____ INFORMATION SHOWN

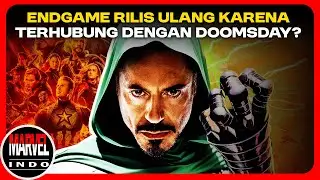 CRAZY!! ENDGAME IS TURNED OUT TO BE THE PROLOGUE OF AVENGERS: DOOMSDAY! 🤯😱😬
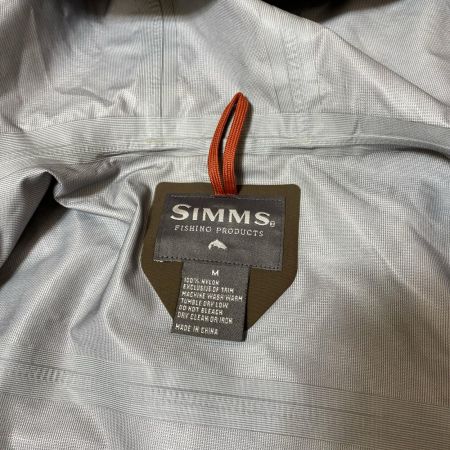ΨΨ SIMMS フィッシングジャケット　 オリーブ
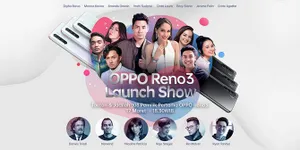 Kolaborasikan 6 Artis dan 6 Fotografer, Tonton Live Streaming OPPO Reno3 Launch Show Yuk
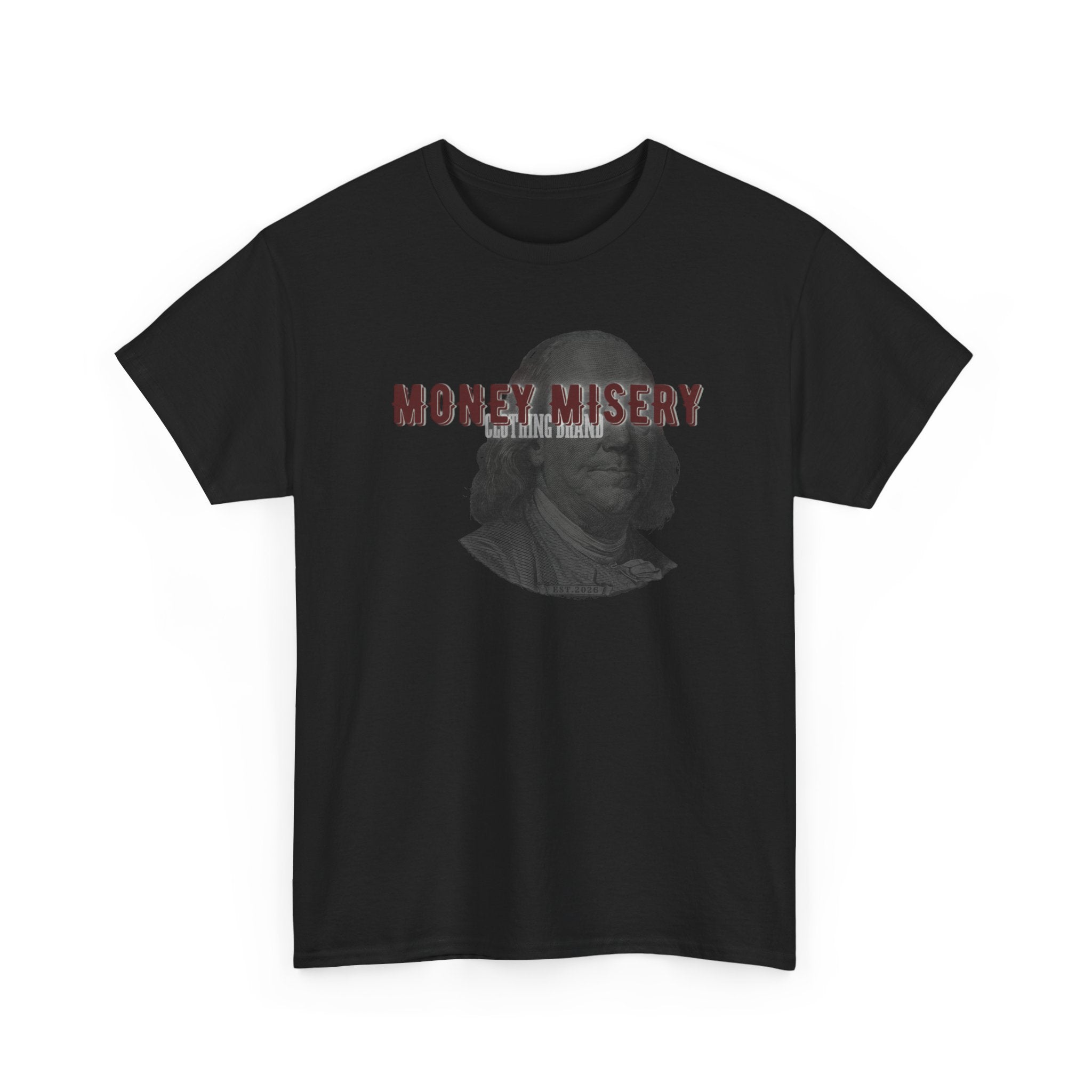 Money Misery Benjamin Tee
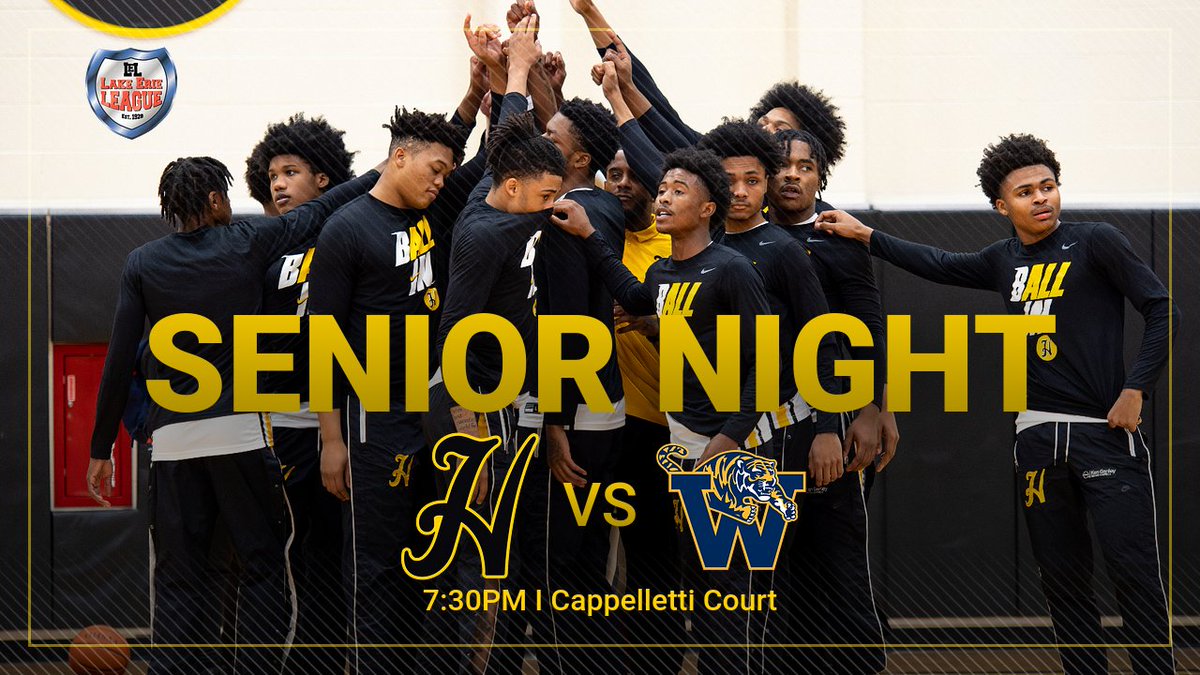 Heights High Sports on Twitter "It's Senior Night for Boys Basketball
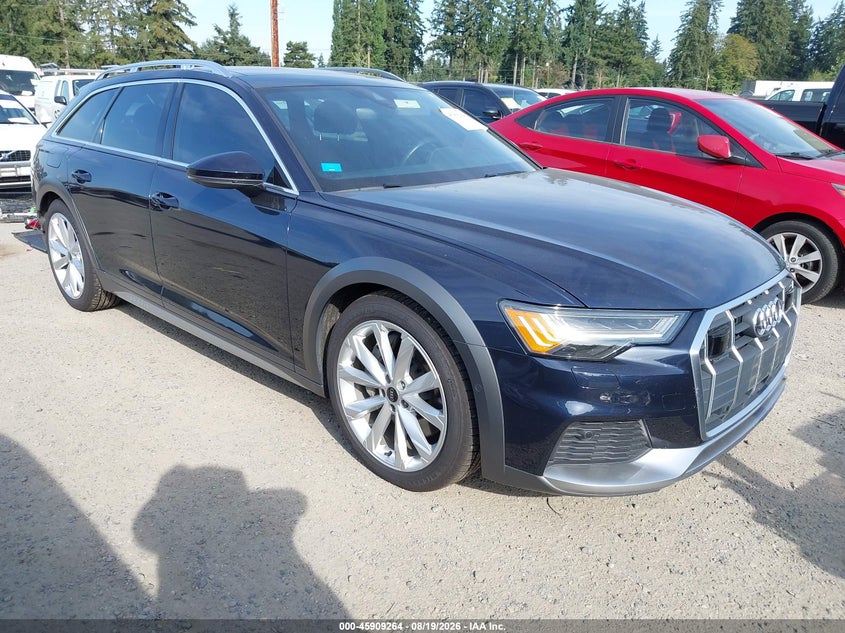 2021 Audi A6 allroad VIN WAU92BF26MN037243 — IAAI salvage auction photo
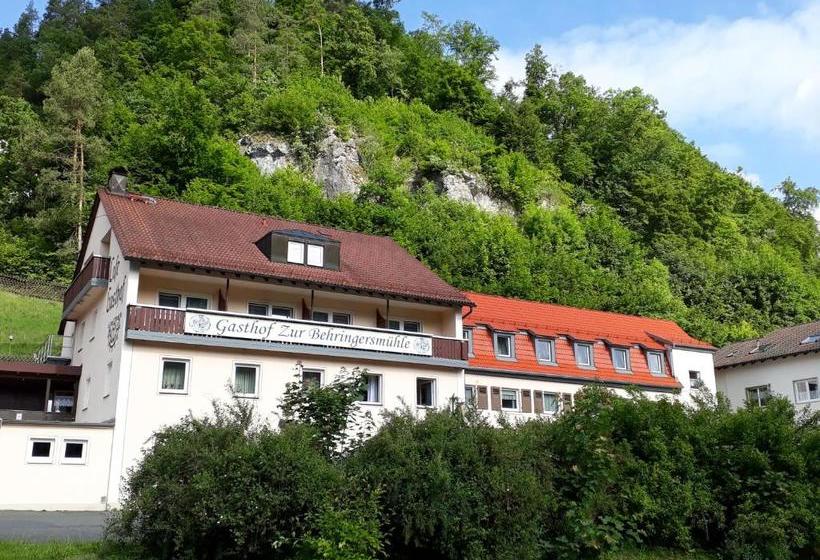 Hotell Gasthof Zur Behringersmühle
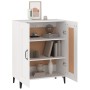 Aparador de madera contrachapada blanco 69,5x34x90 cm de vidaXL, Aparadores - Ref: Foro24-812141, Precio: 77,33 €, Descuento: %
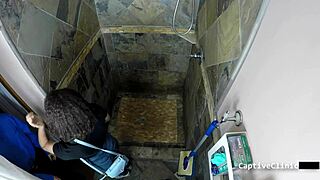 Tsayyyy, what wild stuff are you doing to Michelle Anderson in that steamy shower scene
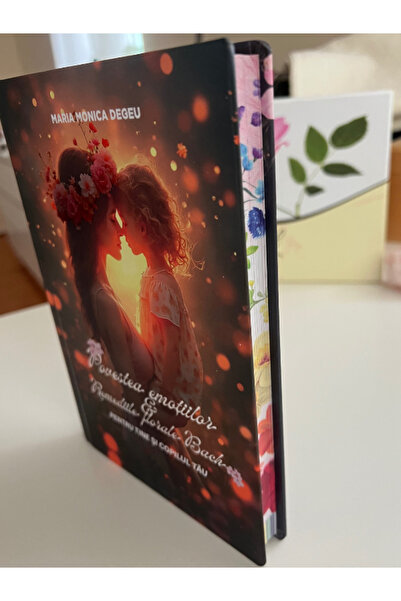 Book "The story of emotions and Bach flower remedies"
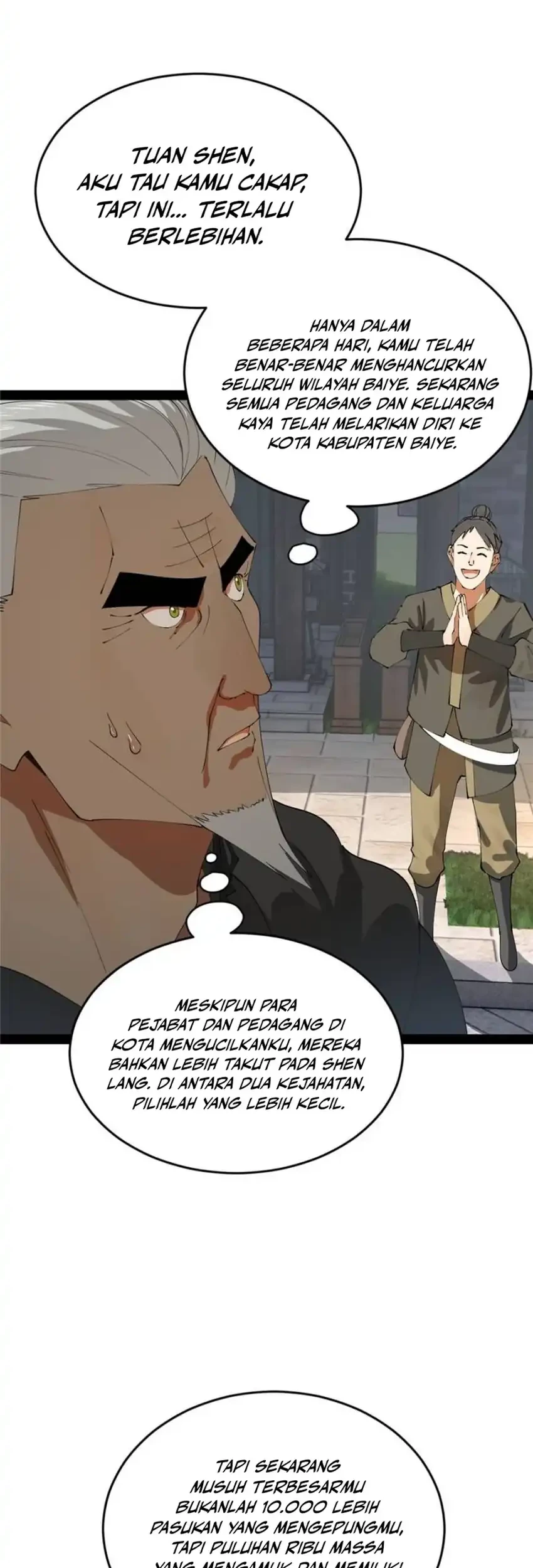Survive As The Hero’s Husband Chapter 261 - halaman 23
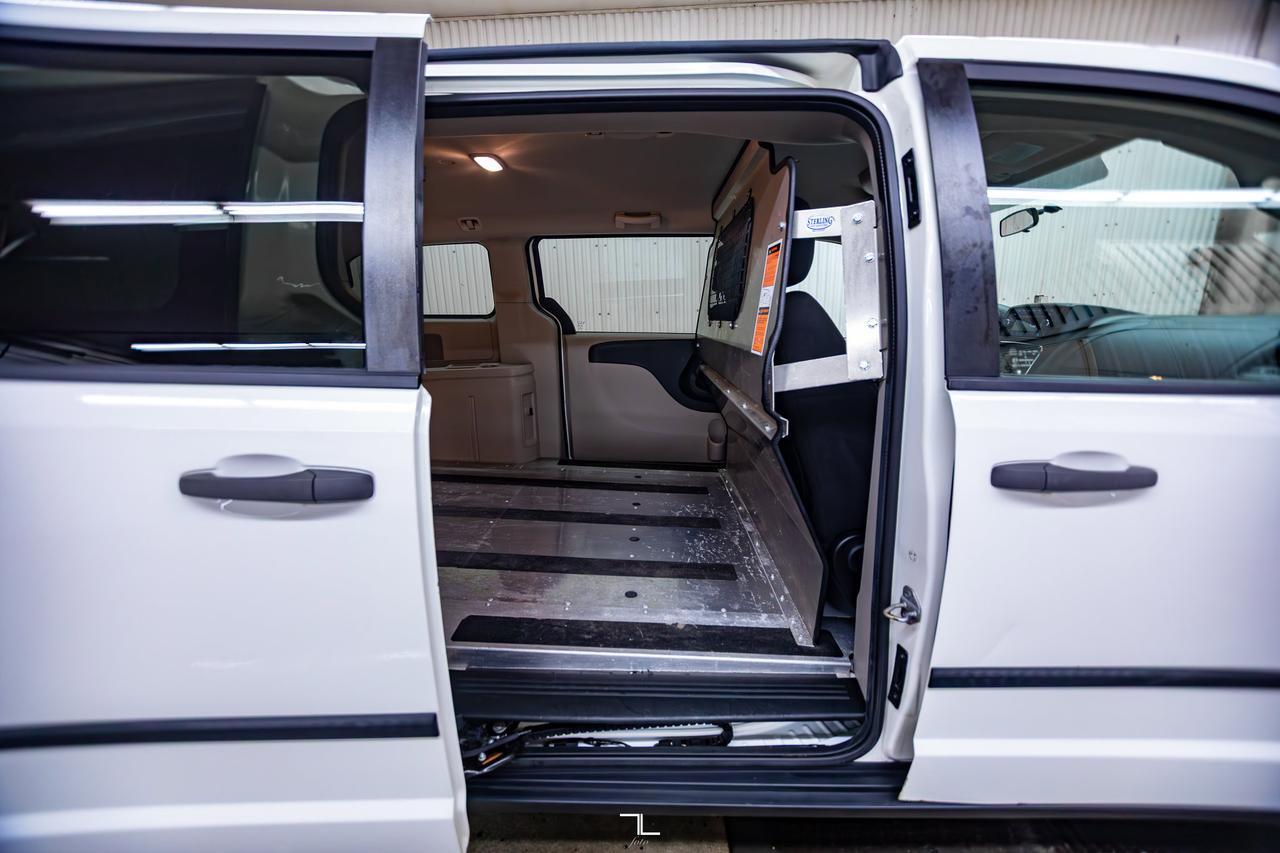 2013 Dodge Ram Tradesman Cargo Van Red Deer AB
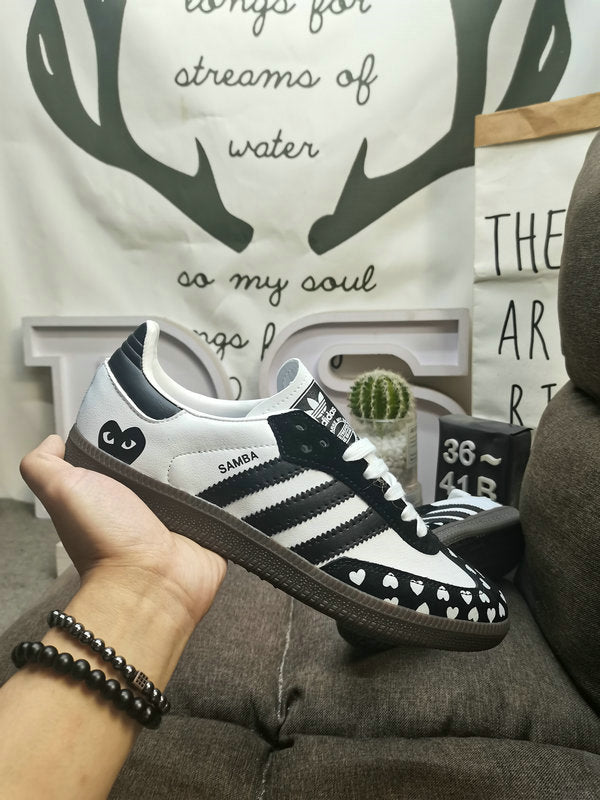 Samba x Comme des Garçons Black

________

▶ TASK DIRECTIONS: What is needed is an exact copy of only the lines from the line containing "Survive As The" through the last line of the entries, inclusive, without the pictures.

▶ TASK OUTPUT:
Survive As The Hero’s Husband Chapter 261 - halaman 23
 2013 Dodge Ram Tradesman Cargo Van Red Deer AB
 Samba x Comme des Garçons Black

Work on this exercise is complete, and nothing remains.